Like many of us, historians have long been guilty of taking trees for granted. Yet the history of trees in America is no less remarkable than the history of the United States itself—from the majestic white pines of New England, which were coveted by the British Crown for use as masts in navy warships, to the orange groves of California, which lured settlers west. In fact, without the country’s vast forests and the hundreds of tree species they contained, there would have been no ships, docks, railroads, stockyards, wagons, barrels, furniture, newspapers, rifles, or firewood. No shingled villages or whaling vessels in New England. No New York City, Miami, or Chicago. No Johnny Appleseed, Paul Bunyan, or Daniel Boone. No Allied planes in World War I, and no suburban sprawl in the middle of the twentieth century. America—if indeed it existed—would be a very different place without its millions of acres of trees.
As Eric Rutkow’s brilliant, epic account shows, trees were essential to the early years of the republic and indivisible from the country’s rise as both an empire and a civilization. Among American Canopy’s many fascinating stories: the Liberty Trees, where colonists gathered to plot rebellion against the British; Henry David Thoreau’s famous retreat into the woods; the creation of New York City’s Central Park; the great fire of 1871 that killed a thousand people in the lumber town of Peshtigo, Wisconsin; the fevered attempts to save the American chestnut and the American elm from extinction; and the controversy over spotted owls and the old-growth forests they inhabited. Rutkow also explains how trees were of deep interest to such figures as George Washington, Thomas Jefferson, Benjamin Franklin, Teddy Roosevelt, and FDR, who oversaw the planting of more than three billion trees nationally in his time as president.
As symbols of liberty, community, and civilization, trees are perhaps the loudest silent figures in our country’s history. America started as a nation of people frightened of the deep, seemingly infinite woods; we then grew to rely on our forests for progress and profit; by the end of the twentieth century we came to understand that the globe’s climate is dependent on the preservation of trees. Today, few people think about where timber comes from, but most of us share a sense that to destroy trees is to destroy part of ourselves and endanger the future.

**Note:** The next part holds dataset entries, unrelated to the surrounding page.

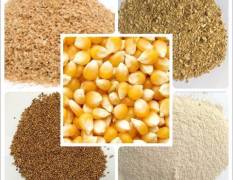 汉川 面向市场常年收购玉米，大豆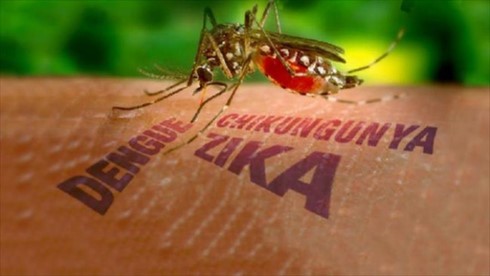 Thêm một ca nhiễm Zika tại TP Hồ Chí Minh Ca nhiễm bệnh mới được phát hiện dương tính với Zika là bệnh nhân cư trú tại Quận 5.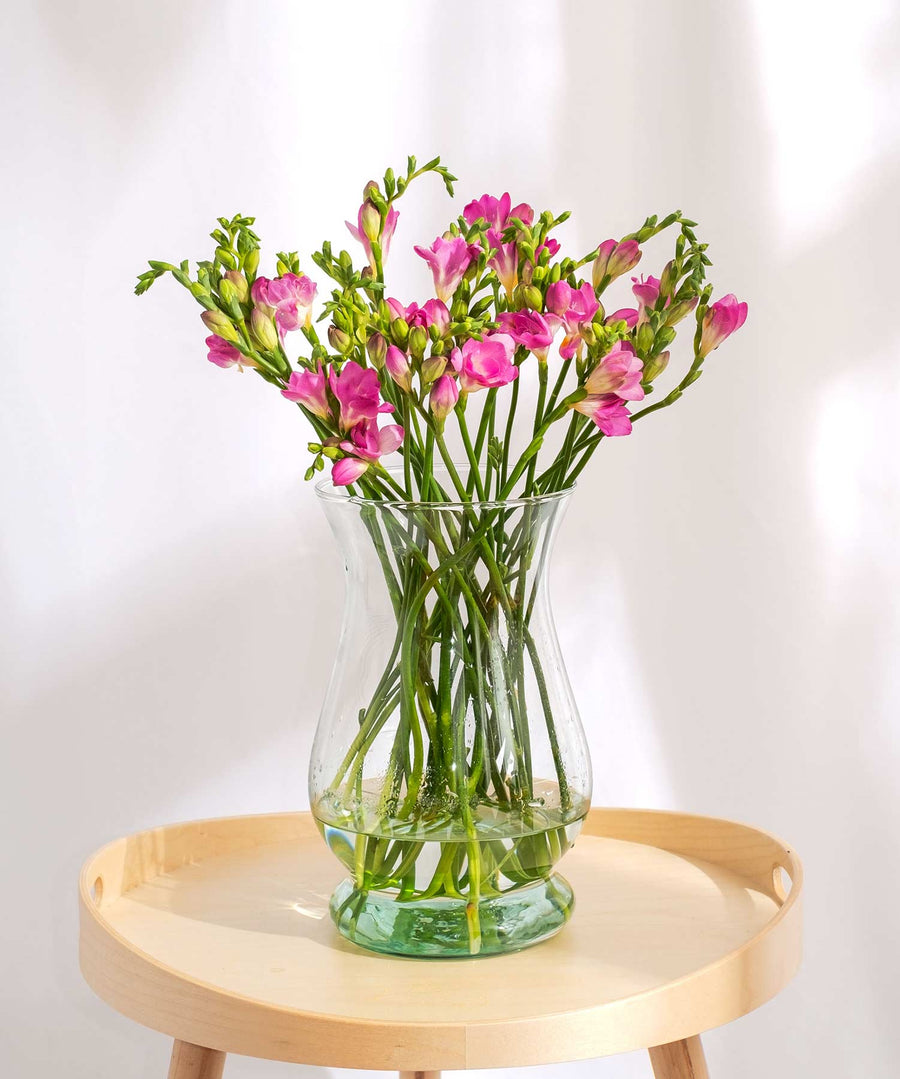 Dark Pink Guernsey Short Stem Freesia Flowers - Guernsey Flowers by Post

Never before has anyone treated our country’s trees and forests as the subject of a broad historical study, and the result is an accessible, informative, and thoroughly entertaining read. Audacious in its four-hundred-year scope, authoritative in its detail, and elegant in its execution, American Canopy is perfect for history buffs and nature lovers alike and announces Eric Rutkow as a major new author of popular history.
PUBLISHERS WEEKLY
The unintentional destruction of the oldest tree in recorded history, a 5,000-year-old bristlecone pine, opens environmental lawyer and historian Rutkow's first book an ambitious, panoramic view of American history from the perspective of our trees and forests, with a large supporting cast of humans. Some are familiar faces, like John Chapman (aka Johnny Appleseed) and Henry David Thoreau, while others are less well-known, such as Frederick Weyerhaeuser, the father of industrial logging. America's rapid industrial expansion after the Civil War wouldn't have been possible without an abundant supply of cheap lumber. Industrialization denuded the forests and heralded an era of more frequent and larger forest fires, most notably the little remembered Peshtigo Fire of 1871 in Michigan and Wisconsin, perhaps the deadliest forest fire in history. Rutkow writes of the growing appreciation of nature as a source of spiritual renewal, a change in consciousness that led to the conservation movement and the environmental movement. Better stewardship of America's natural resources has been the broad trend of the past century, Rutkow concludes, though there is "a long lineage of Americans realizing that they had abused their greatest renewable resource when it was too late." Though a great potential resource for students, the book may prove too dry for general readers, and not original enough for specialists.
Customer Reviews
American canopy
Should be mandatory reading for all employees of the building industry simply for the enjoyment of learning the history of the main component of the industry, wood.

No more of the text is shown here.